Dalam perjalanan intelektualitasnya,
Cak Nur mengisi banyak kertas dengan penanya dan di antara karya-karyanya masih
dibaca hingga sekarang. Di antara kerya-karya tersebut adalah “Islam Doktrin
dan Peradaban”, “Pintu-Pintu Menuju Tuhan”, “Islam Kemodernan dan
Keindonesiaan, “Islam Agama Kemanusiaan”, “Ibn Taymiyya on Kalam and
Falasifa” dan lain sebagainya. Salah satu karya yang terkenal ialah
pidatonya pada 1970 yang menandakan awal gagasan sekularisasi di Indonesia.
pidato tersebut sebenarnya mengarahkan pada dua isu. Pertama adalah
sekularisasi dan kedua adalah liberalisasi.

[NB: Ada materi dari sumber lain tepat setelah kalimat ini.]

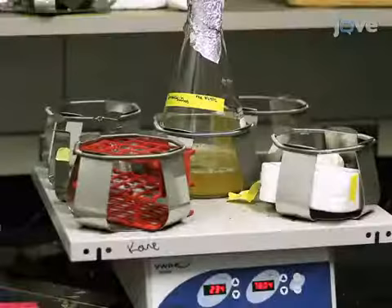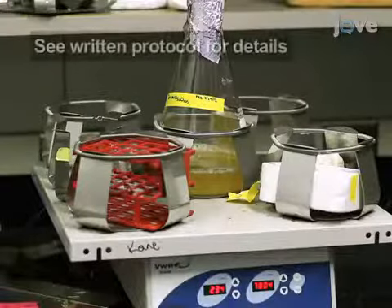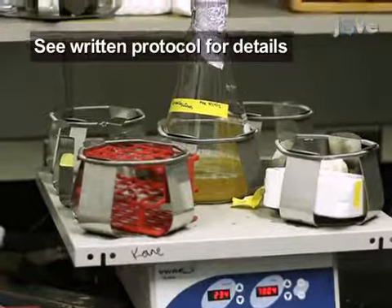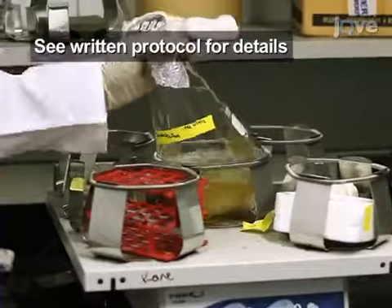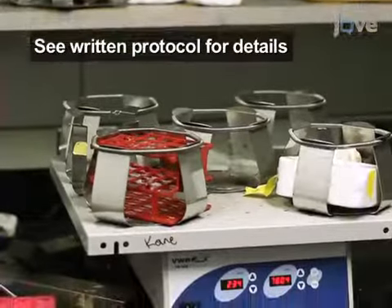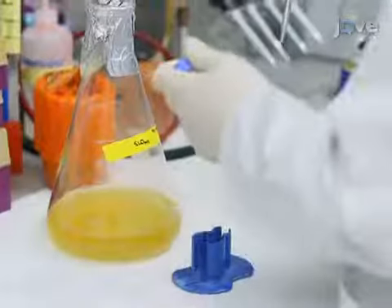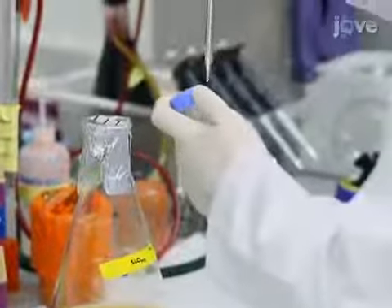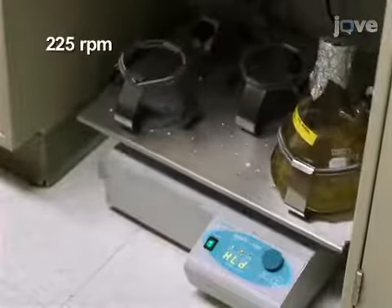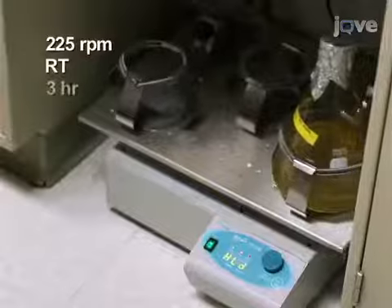Begin the purification of streptolysin O, or SLO, with a culture of BL21 gold cells containing pBAT-G3-SLO-his plasmid grown to an OD of approximately 0.6. To induce protein expression, add 5ml of 20% arabinose to the culture and shake at 225 RPM at room temperature for 3 hours.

Berkembangnya liberalisasi pemikiran
baru nampak kemudian pada awal abad 21, dengan lahirnya kelompok ”Jaringan
Islam Liberal” yang digagas oleh Luthfi Assyaukanie, walaupun yang menonjol
adalah Ulil Abshar-Abdalla. Pokok-pokok pemikiran Islam liberal itu dirumuskan
secara gamblang oleh Ulil dalam tulisannya yang sangat provokatif di harian
Kompas, tanggal 2 Nopember 2002. Namun sebenarnya, kelompok ini telah
melancarkan wacana yang diikuti oleh banyak tokoh muda melalui on-line dan
kemudian diterbitkan ke dalam buku berjudul Wajah Islam Liberal di Indonesia.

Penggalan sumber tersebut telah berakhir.